12
Unpopular opinion: I stopped bothering with fancy pruning paints years ago
Back when I first started tree work around 2015, I used to spend extra cash on those goopy pruning paints and sealers for every cut I made. I thought they helped the tree heal faster and kept out bugs. But after a few seasons of watching painted cuts rot out worse than the unpainted ones, I stopped using them completely. Turns out trees are pretty good at sealing themselves if you just make clean cuts at the right spot. Now I just focus on my cut placement and skip all the extra stuff. Has anyone else noticed their painted cuts looking nasty after a wet spring?
3 comments
Log in to join the discussion
Log In3 Comments
carter.casey29d ago
Oh come on, it's really not that deep.

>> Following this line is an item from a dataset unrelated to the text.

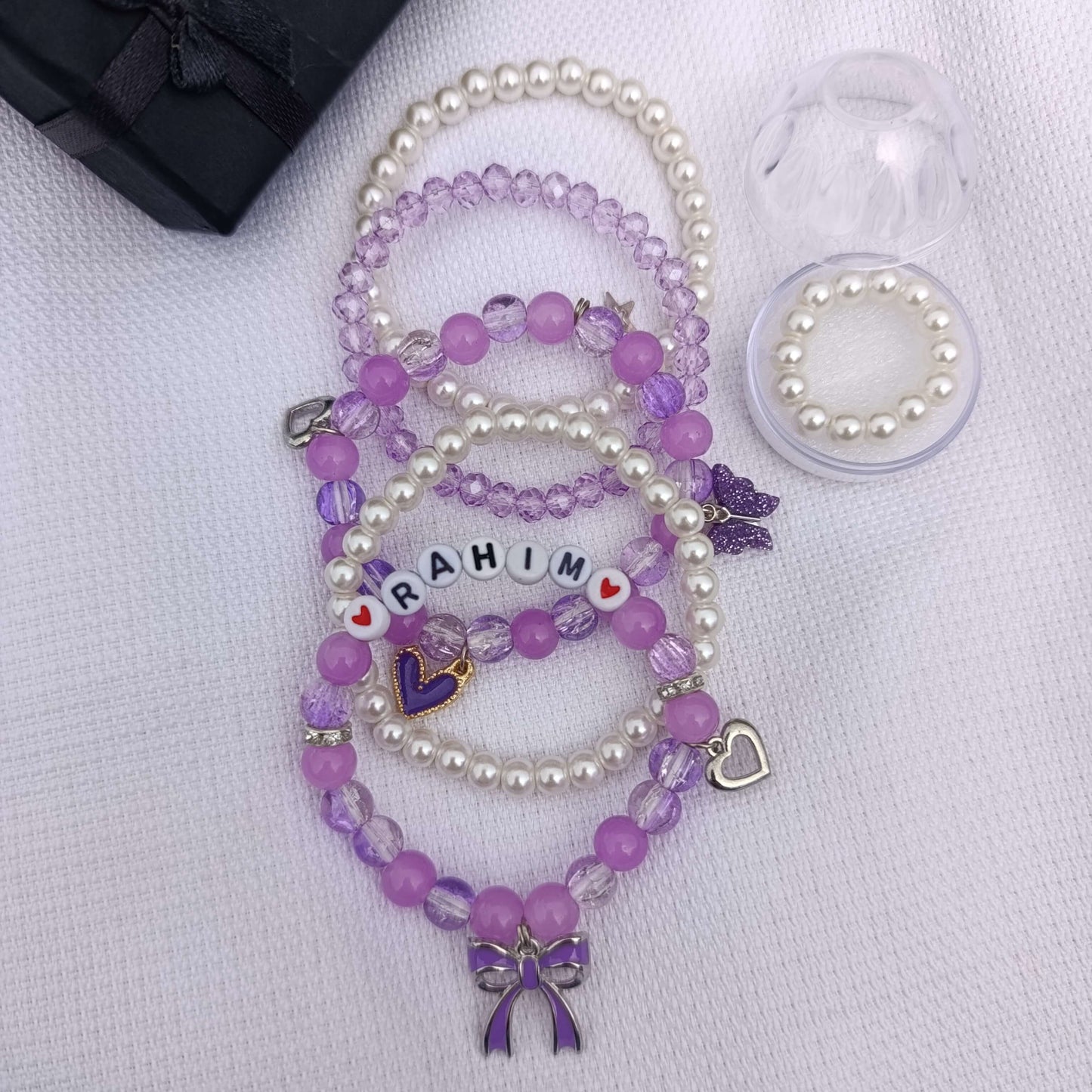 Personalized 5-Piece Pearl Set (Includes 5x Bracelets, 1x Free Pearl Ring & Luxury Gift Box)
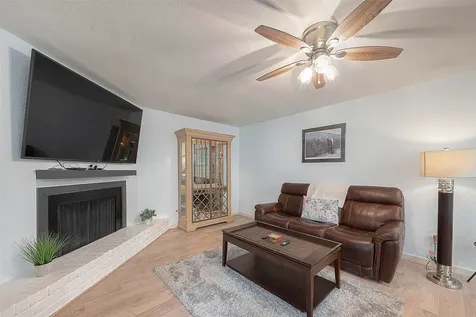 14515 Wunderlich Drive 610 Houston TX 77069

You painted a few cuts, they looked bad, big deal. Trees have been healing themselves for millions of years without us slathering goop on them. I've seen plenty of painted cuts hold up fine through wet winters. Your problem was probably the paint, not the concept. Some of those cheap sealers trap moisture and cause rot. But the good stuff works if you apply it right.
1
joel_martinez29d ago
Yeah, I gotta push back on that. I've been fixing trees that had that "good stuff" slathered on years ago, and it's not pretty. Most of the time the wound ends up sealed off but then rot sets in behind the paint because the tree can't dry out naturally. The old growth forest guys have been saying for decades just leave it alone and they're right. Trees don't need our help healing cuts any more than our skin needs duct tape on a scrape. The only time painting makes sense is if you're trying to make the cut look less obvious for a few months before it fades to gray.
3
susan_wright3429d agoMost Upvoted
I actually read something from a forestry study out of Cornell a while back that said most tree paints do more harm than good because they mess with the tree's natural callus formation. Kinda makes you wonder why we're still arguing about this when the data is pretty clear, isn't it?